Equation of Curve Tangent to Line at Given Point

[Alexandra Fabiello]

Homework Statement

Find the equation of the curve for which y'' = 8 if the curve is tangent to the line y = 11x at (2, 22).

Homework Equations

?

The Attempt at a Solution

[/B]
y' = 8x + c₁

y = 4x² + c₁x + c₂

What exactly is the question asking me to do, especially with the y = 11x bit? ∫ydx?

 

[LCKurtz]

Homework Statement

Find the equation of the curve for which y'' = 8 if the curve is tangent to the line y = 11x at (2, 22).

Homework Equations

?

The Attempt at a Solution

[/B]
y' = 8x + c₁

y = 4x² + c₁x + c₂

What exactly is the question asking me to do, especially with the y = 11x bit? ∫ydx?
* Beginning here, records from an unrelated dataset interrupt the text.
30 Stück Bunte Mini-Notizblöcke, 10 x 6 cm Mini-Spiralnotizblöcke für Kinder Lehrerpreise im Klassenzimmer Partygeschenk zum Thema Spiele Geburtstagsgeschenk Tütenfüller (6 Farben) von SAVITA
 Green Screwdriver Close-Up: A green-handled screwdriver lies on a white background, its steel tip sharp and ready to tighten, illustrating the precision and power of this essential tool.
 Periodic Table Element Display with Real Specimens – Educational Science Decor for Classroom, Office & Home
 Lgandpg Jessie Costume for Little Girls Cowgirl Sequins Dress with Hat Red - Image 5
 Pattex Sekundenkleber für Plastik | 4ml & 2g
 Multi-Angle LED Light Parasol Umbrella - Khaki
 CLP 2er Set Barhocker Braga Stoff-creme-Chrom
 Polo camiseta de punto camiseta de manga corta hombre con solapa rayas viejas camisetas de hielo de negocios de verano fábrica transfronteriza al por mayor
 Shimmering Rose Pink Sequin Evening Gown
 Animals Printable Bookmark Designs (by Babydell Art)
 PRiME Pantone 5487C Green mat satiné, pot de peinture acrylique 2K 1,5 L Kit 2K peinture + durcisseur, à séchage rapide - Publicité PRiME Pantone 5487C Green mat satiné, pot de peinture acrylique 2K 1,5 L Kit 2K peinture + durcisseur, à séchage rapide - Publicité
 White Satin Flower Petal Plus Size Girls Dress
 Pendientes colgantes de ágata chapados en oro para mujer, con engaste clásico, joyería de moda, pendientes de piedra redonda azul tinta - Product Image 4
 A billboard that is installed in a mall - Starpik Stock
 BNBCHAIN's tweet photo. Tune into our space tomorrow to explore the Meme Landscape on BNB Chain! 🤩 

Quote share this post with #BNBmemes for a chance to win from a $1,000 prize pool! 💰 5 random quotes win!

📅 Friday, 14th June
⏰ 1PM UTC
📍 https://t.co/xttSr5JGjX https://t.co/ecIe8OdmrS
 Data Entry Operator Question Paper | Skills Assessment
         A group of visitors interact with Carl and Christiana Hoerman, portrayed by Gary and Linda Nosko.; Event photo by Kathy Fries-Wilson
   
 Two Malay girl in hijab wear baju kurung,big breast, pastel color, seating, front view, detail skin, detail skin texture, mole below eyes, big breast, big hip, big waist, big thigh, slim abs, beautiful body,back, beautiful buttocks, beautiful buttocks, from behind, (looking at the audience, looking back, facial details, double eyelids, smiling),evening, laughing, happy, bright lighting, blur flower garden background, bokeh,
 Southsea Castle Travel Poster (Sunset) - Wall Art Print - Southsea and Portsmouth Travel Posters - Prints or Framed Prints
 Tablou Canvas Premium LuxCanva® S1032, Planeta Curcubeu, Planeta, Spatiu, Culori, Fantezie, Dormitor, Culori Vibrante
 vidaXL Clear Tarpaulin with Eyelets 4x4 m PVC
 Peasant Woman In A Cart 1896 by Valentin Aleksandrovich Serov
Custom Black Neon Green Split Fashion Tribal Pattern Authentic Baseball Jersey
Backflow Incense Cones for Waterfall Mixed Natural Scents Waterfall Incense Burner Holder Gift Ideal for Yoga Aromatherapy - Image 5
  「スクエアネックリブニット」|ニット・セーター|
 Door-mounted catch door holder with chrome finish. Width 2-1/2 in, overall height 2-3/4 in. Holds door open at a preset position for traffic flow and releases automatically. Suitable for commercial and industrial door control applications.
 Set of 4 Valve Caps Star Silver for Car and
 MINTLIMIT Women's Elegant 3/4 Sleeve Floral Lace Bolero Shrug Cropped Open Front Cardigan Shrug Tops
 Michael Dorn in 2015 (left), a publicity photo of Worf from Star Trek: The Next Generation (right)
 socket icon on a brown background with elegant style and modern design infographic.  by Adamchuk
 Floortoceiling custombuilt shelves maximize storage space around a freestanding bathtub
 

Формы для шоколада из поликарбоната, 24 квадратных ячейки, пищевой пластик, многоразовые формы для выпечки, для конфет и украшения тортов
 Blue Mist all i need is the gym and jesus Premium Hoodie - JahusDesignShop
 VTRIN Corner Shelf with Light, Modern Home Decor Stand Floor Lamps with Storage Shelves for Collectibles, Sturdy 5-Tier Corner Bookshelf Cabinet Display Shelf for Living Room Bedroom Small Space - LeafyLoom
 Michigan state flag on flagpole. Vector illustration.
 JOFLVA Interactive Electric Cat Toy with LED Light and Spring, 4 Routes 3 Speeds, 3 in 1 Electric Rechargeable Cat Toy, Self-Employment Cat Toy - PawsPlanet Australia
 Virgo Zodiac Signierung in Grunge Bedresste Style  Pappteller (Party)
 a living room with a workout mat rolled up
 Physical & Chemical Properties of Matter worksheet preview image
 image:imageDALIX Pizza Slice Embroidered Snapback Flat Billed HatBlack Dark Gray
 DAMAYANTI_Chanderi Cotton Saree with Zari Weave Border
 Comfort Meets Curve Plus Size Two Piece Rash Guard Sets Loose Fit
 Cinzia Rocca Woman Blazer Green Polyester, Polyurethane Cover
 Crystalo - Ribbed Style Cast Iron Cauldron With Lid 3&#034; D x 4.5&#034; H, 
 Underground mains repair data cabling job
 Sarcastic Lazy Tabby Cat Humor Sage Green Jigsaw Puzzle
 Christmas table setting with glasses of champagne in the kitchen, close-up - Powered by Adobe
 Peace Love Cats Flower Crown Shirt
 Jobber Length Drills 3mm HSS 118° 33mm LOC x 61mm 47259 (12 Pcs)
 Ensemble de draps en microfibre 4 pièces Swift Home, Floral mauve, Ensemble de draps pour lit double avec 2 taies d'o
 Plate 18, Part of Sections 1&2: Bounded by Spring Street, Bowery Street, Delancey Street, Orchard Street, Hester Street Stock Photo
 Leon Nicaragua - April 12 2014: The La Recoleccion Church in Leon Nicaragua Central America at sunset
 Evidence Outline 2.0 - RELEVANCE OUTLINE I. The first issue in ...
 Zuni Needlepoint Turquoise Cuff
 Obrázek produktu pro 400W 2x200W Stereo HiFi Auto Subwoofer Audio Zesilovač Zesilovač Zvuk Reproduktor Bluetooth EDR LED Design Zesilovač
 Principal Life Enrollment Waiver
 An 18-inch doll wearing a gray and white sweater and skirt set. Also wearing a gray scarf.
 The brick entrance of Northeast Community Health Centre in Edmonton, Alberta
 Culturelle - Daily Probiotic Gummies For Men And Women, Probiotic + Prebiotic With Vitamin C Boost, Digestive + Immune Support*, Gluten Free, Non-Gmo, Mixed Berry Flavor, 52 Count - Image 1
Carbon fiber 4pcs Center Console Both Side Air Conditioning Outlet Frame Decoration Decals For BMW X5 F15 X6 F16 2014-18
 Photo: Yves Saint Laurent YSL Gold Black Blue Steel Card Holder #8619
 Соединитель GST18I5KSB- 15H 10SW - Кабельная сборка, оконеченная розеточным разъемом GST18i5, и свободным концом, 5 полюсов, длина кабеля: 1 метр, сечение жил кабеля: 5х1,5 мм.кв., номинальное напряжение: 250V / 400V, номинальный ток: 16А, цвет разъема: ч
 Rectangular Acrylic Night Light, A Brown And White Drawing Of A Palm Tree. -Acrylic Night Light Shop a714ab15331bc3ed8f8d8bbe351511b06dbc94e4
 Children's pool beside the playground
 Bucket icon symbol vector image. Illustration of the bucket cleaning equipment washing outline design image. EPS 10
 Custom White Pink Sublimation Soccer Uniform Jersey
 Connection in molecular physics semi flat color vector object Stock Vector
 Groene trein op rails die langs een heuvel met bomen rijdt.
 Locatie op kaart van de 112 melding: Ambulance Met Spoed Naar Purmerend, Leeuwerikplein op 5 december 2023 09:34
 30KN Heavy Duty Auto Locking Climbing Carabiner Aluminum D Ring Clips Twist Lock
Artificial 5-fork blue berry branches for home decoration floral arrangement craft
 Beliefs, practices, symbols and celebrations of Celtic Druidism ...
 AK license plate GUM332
It wants your curve to be tangent at (2,22). That means it must pass through that point and have the same slope there as the line.

 

[Alexandra Fabiello]

It wants your curve to be tangent at (2,22). That means it must pass through that point and have the same slope there as the line.

But doesn't tangent mean derivative in this case? My curve should have a slope of 11 at (2,22), fine; how does that apply to y'' and y' and y as I said? My curve would be y, right, because y'' = 8 is the double derivative of that? How to solve it with two different constants, then?

 

[LCKurtz]

You have two constants with which you can make the curve agree with point and slope.

 

[Alexandra Fabiello]

You have two constants with which you can make the curve agree with point and slope.

So y = 4x² + c₁x + c₂ = 11? Without knowing the slope for y', how can we solve for this?

I mean, so far, I've got -4x² - c₁x + 11 = c₂, but now what?

 

[LCKurtz]

You have $y = 4x^2 + c_1x + c_2$ with two unknown constants. What do the constants have to be so that $y(2) = 22$ and $y'(2) = 11$?

 

[Alexandra Fabiello]

You have $y = 4x^2 + c_1x + c_2$ with two unknown constants. What do the constants have to be so that $y(2) = 22$ and $y'(2) = 11$?

Oh, y' = 11 as well? Because y = 11x is a line?

 

[LCKurtz]

There's really nothing more to tell you without working it for you. Just do it.

 

[Alexandra Fabiello]

There's really nothing more to tell you without working it for you. Just do it.

Got it. WileyPlus accepted my answer.

So basically, being tangent to a line means y' = 11 at that x-value, so it's solvable. If someone else asks a similar question, answer like that, and it might just make a lot more sense to them.